24 Now they had been sent from the Pharisees. 25 They asked him, “Why then are you baptizing if you are neither the Messiah,[h] nor Elijah, nor the prophet?” 26 John answered them, “I baptize with water. Among you stands one whom you do not know, 27 the one who is coming after me; I am not worthy to untie the thong of his sandal.” 28 This took place in Bethany across the Jordan where John was baptizing.
29 The next day he saw Jesus coming toward him and declared, “Here is the Lamb of God who takes away the sin of the world! 30 This is he of whom I said, ‘After me comes a man who ranks ahead of me because he was before me.’ 31 I myself did not know him; but I came baptizing with water for this reason, that he might be revealed to Israel.” 32 And John testified, “I saw the Spirit descending from heaven like a dove, and it remained on him. 33 I myself did not know him, but the one who sent me to baptize with water said to me, ‘He on whom you see the Spirit descend and remain is the one who baptizes with the Holy Spirit.’ 34 And I myself have seen and have testified that this is the Son of God.”
35 The next day John again was standing with two of his disciples, 36 and as he watched Jesus walk by, he exclaimed, “Look, here is the Lamb of God!” 37 The two disciples heard him say this, and they followed Jesus. 38 When Jesus turned and saw them following, he said to them, “What are you looking for?” They said to him, “Rabbi” (which translated means Teacher), “where are you staying?” 39 He said to them, “Come and see.” They came and saw where he was staying, and they remained with him that day. It was about four o’clock in the afternoon. 40 One of the two who heard John speak and followed him was Andrew, Simon Peter’s brother. 41 He first found his brother Simon and said to him, “We have found the Messiah” (which is translated Anointed[j]). 42 He brought Simon[k] to Jesus, who looked at him and said, “You are Simon son of John. You are to be called Cephas” (which is translated Peter[l]).
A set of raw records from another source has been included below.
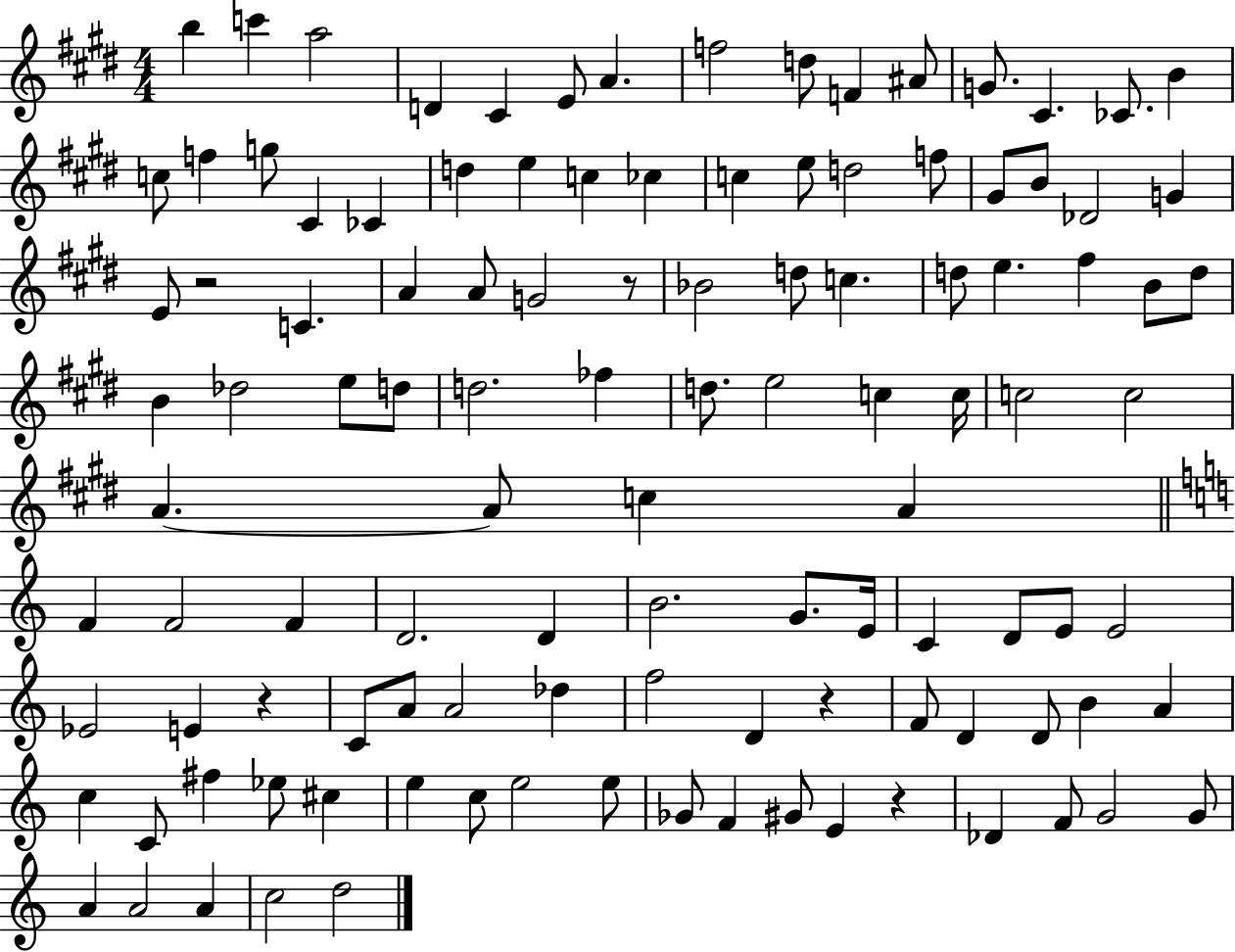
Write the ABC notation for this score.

X:1
T:Untitled
M:4/4
L:1/4
K:E
b c' a2 D ^C E/2 A f2 d/2 F ^A/2 G/2 ^C _C/2 B c/2 f g/2 ^C _C d e c _c c e/2 d2 f/2 ^G/2 B/2 _D2 G E/2 z2 C A A/2 G2 z/2 _B2 d/2 c d/2 e ^f B/2 d/2 B _d2 e/2 d/2 d2 _f d/2 e2 c c/4 c2 c2 A A/2 c A F F2 F D2 D B2 G/2 E/4 C D/2 E/2 E2 _E2 E z C/2 A/2 A2 _d f2 D z F/2 D D/2 B A c C/2 ^f _e/2 ^c e c/2 e2 e/2 _G/2 F ^G/2 E z _D F/2 G2 G/2 A A2 A c2 d2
A few weeks ago, in the Discourse, people were holding a national debate of real public significance—the heavyweights made their positions known and people bunkered down into their respective camps and the arguments were passionate and vehement. People had to know…are the Marvel superhero movies cinema or not? Some people said yes, they’re entertaining and inventive, within all the magic and aliens they tell real human stories. Others said no, these aren’t really movies, they’re some new category of entertainment as capitalism reduces everything down to the great dyad of Amazon and Disney.
There’s something about superheroes that definitely strikes a nerve, this idea that there are people who are more than just people, who can swoop in and save the day, who can do for us what we can’t do for ourselves because we obviously know that what we’re working with here isn’t good enough. A number of critics have pointed out the the Marvel movies became popular largely during the Obama administration, and so maybe they reflect a kind of liberal fantasy about finally having good management, that if we just got the right people who are inherently better or more intelligent than your average Joe into positions of power they’ll do the right thing. And what that means for the rest of us is we’re just supposed to keep our mouths shut and do our jobs and make sure we’re not too disruptive.
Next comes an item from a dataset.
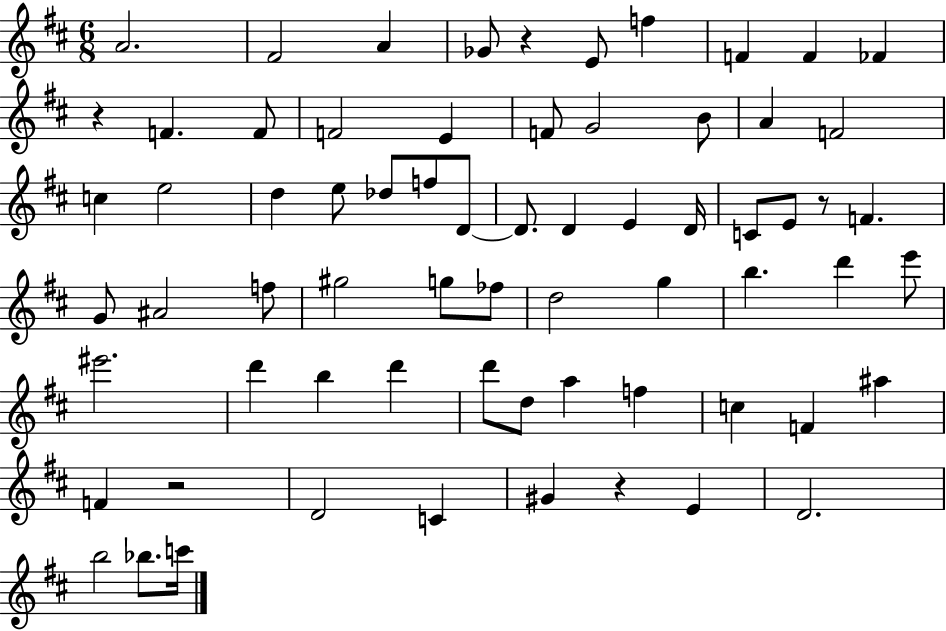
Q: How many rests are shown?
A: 5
Part of the reason that I find this whole phenomenon interesting is that I think a lot of people imagine God working in basically the same way. As if the Israelites are in Egypt crying out, “I want to speak to the manager” and then God sends Moses to give them a discount so that they’ll come back next time (“We’ve got a branch opening up in Babylon soon”).
Or take our story this morning, which starts with John describing Jesus’ baptism, John says to this group of people, “I must become less, Jesus must become greater. I’m not really doing anything, I’m not worthy to untie the thong of his sandal, I baptize with water, he’s going to baptize with the Holy Spirit.” And then he describes how the heavens break open and the Holy Spirit descends in this mystical vision of how Jesus is a God.
And that is what we confess as Christians, that God becomes incarnate in Jesus, that God is at work in the world, that there is a grace exceeding our imaginations and capacities, that we’re not left to our own devices. But what I’d like to consider today is how that grace works in our midst, how Jesus reveals God to us.
Because I think a lot of us have been taught that it makes a kind of sense to describe Jesus as a superhero, the God from outside of the machine breaking in to save the day. There’s a whole stream of theology that is vehement that you don’t participate in your salvation, you are basically a worthless worm who Captain Logos has to get out of eternal damnation which is absolutely what you deserve. That’s one way of reading, “I must become less, he must become greater,” that really the best thing that could happen to me is that I become invisible.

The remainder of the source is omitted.